(Task brief) For this listing, the lines between the one holding "Now doing a" and the one holding "There's a smaller", inclusive, must be set down exactly.
*** Opening of Supplied material ***
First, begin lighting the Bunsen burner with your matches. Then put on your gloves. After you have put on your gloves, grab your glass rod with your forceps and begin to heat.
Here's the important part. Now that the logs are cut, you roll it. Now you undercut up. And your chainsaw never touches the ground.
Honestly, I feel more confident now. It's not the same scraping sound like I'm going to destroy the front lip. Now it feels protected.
*** Close of Supplied material ***
*** Opening of Supplied material ***
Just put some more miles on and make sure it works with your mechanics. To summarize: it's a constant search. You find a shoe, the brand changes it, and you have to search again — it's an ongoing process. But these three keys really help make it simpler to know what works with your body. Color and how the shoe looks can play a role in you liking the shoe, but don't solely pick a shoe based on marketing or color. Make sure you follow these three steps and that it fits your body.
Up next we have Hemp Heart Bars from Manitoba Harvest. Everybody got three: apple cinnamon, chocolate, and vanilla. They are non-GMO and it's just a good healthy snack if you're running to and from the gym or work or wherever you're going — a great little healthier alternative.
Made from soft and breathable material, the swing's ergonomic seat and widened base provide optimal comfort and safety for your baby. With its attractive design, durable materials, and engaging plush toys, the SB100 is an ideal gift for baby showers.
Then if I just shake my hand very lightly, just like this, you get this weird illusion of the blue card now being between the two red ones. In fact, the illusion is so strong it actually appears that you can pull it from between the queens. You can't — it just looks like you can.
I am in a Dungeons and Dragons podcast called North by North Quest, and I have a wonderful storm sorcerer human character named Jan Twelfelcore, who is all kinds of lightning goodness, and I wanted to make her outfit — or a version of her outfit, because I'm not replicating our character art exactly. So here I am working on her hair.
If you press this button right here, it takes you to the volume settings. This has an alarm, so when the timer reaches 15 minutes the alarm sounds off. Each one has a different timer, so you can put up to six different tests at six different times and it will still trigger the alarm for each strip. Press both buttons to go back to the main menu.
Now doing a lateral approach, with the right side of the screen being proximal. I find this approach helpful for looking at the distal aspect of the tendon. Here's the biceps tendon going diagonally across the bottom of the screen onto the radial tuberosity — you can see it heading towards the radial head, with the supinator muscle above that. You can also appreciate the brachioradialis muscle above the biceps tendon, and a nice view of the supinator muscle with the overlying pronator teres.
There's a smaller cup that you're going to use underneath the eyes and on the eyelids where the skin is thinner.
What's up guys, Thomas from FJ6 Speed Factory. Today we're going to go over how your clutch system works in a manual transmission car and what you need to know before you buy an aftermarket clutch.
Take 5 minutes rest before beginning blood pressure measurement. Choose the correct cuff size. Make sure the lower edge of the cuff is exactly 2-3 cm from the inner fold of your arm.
*** Close of Supplied material ***
*** Opening of Supplied material ***
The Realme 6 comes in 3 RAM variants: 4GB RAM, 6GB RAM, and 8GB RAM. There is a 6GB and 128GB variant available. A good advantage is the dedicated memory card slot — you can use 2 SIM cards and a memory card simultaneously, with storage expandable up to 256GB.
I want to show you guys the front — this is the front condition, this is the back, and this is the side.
*** Close of Supplied material ***
(Task result)
Now doing a lateral approach, with the right side of the screen being proximal. I find this approach helpful for looking at the distal aspect of the tendon. Here's the biceps tendon going diagonally across the bottom of the screen onto the radial tuberosity — you can see it heading towards the radial head, with the supinator muscle above that. You can also appreciate the brachioradialis muscle above the biceps tendon, and a nice view of the supinator muscle with the overlying pronator teres.
There's a smaller cup that you're going to use underneath the eyes and on the eyelids where the skin is thinner.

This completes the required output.